Listing 7-1: Deliberate failure (guard)

# EXPECT_FAIL: requires a WHERE clause
./build/markql --mode plain --color=disabled \
  --query "SELECT TEXT(section) FROM doc;" \
  --input docs/fixtures/basic.html

Observed error:

Error: TEXT()/INNER_HTML()/RAW_INNER_HTML() requires a WHERE clause

The guard reminds you to define row scope before extraction.

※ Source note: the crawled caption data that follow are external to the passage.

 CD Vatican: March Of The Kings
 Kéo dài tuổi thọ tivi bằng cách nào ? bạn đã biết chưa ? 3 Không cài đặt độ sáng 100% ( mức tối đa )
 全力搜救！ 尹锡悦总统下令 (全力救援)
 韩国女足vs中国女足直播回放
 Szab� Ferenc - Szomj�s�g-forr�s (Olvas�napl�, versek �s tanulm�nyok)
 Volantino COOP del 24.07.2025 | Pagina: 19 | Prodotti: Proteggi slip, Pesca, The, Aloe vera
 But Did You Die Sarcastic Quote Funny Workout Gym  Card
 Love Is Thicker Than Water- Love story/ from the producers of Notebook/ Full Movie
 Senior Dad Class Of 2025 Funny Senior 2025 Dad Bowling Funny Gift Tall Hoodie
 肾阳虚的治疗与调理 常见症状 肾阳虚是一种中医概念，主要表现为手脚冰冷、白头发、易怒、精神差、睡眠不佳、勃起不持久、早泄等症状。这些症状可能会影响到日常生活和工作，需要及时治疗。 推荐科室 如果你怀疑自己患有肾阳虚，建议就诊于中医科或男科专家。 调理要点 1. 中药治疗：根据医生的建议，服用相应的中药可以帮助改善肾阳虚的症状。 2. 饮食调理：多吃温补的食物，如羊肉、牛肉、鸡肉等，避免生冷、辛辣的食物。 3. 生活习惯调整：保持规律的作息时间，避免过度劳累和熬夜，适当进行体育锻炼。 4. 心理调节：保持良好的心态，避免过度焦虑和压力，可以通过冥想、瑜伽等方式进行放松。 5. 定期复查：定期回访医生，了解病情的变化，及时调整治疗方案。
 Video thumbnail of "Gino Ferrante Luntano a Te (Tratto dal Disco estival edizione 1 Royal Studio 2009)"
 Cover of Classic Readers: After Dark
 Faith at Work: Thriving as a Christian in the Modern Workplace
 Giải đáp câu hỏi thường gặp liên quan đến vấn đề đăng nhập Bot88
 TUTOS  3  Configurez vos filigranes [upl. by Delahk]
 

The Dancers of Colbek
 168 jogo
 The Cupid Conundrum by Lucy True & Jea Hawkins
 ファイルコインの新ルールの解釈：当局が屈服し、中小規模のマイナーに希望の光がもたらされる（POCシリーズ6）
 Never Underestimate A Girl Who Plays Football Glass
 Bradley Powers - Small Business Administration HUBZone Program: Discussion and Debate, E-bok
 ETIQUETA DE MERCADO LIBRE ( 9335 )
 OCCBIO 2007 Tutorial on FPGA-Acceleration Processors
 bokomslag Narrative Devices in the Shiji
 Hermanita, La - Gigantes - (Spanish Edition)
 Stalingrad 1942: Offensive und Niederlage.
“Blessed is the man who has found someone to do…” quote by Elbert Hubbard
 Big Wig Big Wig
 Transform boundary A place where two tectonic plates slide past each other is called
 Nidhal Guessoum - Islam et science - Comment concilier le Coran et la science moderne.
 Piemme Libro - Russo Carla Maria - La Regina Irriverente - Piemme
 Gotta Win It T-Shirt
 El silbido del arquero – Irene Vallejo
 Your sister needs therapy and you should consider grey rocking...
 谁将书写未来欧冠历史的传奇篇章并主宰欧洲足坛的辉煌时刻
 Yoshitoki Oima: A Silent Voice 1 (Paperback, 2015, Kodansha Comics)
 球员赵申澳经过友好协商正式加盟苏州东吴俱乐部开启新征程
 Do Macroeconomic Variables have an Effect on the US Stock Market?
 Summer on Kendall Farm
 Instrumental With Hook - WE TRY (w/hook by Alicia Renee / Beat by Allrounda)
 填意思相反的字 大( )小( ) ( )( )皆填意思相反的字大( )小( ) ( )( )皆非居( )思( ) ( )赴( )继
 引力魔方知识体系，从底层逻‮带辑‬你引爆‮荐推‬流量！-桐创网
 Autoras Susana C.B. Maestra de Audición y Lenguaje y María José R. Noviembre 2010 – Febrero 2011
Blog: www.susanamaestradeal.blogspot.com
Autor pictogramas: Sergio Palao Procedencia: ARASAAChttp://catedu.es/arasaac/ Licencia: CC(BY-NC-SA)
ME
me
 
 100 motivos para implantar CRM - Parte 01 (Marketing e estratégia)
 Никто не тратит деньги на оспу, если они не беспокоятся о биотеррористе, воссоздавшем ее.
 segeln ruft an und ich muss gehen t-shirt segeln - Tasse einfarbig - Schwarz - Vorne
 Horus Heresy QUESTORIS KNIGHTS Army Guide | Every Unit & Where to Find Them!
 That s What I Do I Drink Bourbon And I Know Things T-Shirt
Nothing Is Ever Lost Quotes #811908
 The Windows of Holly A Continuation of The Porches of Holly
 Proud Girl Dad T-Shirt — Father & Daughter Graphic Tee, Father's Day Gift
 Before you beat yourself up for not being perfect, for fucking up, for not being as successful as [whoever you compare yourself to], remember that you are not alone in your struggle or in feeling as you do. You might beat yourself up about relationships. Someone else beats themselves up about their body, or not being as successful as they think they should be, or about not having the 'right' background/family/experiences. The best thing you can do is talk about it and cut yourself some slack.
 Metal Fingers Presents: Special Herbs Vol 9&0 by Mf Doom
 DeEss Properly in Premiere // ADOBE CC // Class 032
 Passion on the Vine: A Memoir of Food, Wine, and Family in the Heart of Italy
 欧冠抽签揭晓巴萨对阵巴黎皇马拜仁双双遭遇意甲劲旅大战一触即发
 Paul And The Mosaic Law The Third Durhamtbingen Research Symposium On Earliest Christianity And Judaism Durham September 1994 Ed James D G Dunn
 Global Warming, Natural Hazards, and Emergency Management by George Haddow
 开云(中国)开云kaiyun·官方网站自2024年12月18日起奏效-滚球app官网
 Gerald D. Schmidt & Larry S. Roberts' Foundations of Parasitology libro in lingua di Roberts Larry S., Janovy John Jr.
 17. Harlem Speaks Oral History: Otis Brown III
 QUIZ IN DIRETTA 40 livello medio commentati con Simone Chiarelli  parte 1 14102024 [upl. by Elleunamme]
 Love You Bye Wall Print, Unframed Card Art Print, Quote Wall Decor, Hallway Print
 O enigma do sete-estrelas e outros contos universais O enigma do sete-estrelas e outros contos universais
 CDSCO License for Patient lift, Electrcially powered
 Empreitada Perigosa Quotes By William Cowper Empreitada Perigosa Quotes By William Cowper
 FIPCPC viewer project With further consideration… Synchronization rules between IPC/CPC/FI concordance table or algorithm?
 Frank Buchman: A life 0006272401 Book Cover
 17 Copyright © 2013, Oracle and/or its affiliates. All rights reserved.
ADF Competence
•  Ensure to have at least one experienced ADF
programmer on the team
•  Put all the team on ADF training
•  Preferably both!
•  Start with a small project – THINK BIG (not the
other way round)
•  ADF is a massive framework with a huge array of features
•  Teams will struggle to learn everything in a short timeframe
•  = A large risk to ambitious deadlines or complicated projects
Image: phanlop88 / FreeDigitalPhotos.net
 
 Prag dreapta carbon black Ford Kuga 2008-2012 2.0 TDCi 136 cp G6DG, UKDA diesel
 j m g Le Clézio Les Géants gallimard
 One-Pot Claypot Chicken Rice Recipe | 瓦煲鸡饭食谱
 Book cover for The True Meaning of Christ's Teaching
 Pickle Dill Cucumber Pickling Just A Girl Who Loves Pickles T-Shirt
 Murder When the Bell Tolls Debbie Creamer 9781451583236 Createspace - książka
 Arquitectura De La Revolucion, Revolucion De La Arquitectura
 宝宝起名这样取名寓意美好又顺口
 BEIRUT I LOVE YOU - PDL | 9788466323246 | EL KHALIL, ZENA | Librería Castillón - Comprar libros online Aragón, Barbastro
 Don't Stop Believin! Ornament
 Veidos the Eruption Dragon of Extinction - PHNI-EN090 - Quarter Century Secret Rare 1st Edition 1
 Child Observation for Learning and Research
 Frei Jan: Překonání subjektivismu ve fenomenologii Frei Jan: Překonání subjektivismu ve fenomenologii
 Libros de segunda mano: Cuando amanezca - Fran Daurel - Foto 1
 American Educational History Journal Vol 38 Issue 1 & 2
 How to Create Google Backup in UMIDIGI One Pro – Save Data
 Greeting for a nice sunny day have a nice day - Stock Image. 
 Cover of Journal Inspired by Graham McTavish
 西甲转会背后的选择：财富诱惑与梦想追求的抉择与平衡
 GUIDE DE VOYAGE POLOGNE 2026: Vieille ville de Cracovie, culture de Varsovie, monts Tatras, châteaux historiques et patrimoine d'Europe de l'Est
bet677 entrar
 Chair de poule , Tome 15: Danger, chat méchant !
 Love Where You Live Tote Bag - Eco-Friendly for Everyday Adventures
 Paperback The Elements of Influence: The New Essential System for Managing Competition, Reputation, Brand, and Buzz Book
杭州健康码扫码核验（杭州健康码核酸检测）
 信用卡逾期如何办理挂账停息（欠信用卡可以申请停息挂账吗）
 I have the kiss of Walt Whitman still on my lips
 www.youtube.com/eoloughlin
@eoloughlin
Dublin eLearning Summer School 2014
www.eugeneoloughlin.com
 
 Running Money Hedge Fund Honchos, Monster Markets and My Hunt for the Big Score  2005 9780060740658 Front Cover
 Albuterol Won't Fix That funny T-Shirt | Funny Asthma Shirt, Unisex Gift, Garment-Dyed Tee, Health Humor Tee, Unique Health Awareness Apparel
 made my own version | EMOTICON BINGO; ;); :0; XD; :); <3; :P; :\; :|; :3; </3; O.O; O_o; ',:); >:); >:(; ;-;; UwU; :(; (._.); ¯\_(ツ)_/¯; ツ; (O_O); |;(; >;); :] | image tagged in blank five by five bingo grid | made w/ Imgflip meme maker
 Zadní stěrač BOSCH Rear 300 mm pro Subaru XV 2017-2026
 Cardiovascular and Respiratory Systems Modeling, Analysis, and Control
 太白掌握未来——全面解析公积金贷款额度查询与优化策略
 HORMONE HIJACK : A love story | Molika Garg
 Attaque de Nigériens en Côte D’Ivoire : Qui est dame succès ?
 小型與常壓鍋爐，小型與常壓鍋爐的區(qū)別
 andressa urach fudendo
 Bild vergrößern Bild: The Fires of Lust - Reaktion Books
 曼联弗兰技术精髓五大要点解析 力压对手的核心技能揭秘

Listing 7-2: Correct TEXT extraction with narrowing

./build/markql --mode plain --color=disabled \
  --query "SELECT TEXT(section) FROM doc WHERE attributes.data-kind = 'flight' ORDER BY node_id;" \
  --input docs/fixtures/basic.html

Observed output (trimmed):

[
  {"text":"...1 stop...¥12,300..."},
  {"text":"...nonstop...¥8,500..."}
]

Listing 7-3: ATTR extraction

./build/markql --mode plain --color=disabled \
  --query "SELECT ATTR(a, href) FROM doc WHERE attributes.rel = 'nav' ORDER BY node_id;" \
  --input docs/fixtures/basic.html

Observed output:

[
  {"attr":"/home"},
  {"attr":"/about"}
]

Listing 7-4: DIRECT_TEXT behavior

./build/markql --mode plain --color=disabled \
  --query "SELECT DIRECT_TEXT(span) FROM doc WHERE attributes.class = 'stop' ORDER BY node_id;" \
  --input docs/fixtures/basic.html

Observed output:

[
  {"direct_text":"1 stop"},
  {"direct_text":"nonstop"}
]

Before/after diagrams

Before
  implicit extraction from unknown scope
After
  row R fixed -> supplier S selected -> value extracted

Common mistakes

Chapter takeaway

Reliable extraction comes from explicit supplier logic, not from hoping one selector fits every row variation.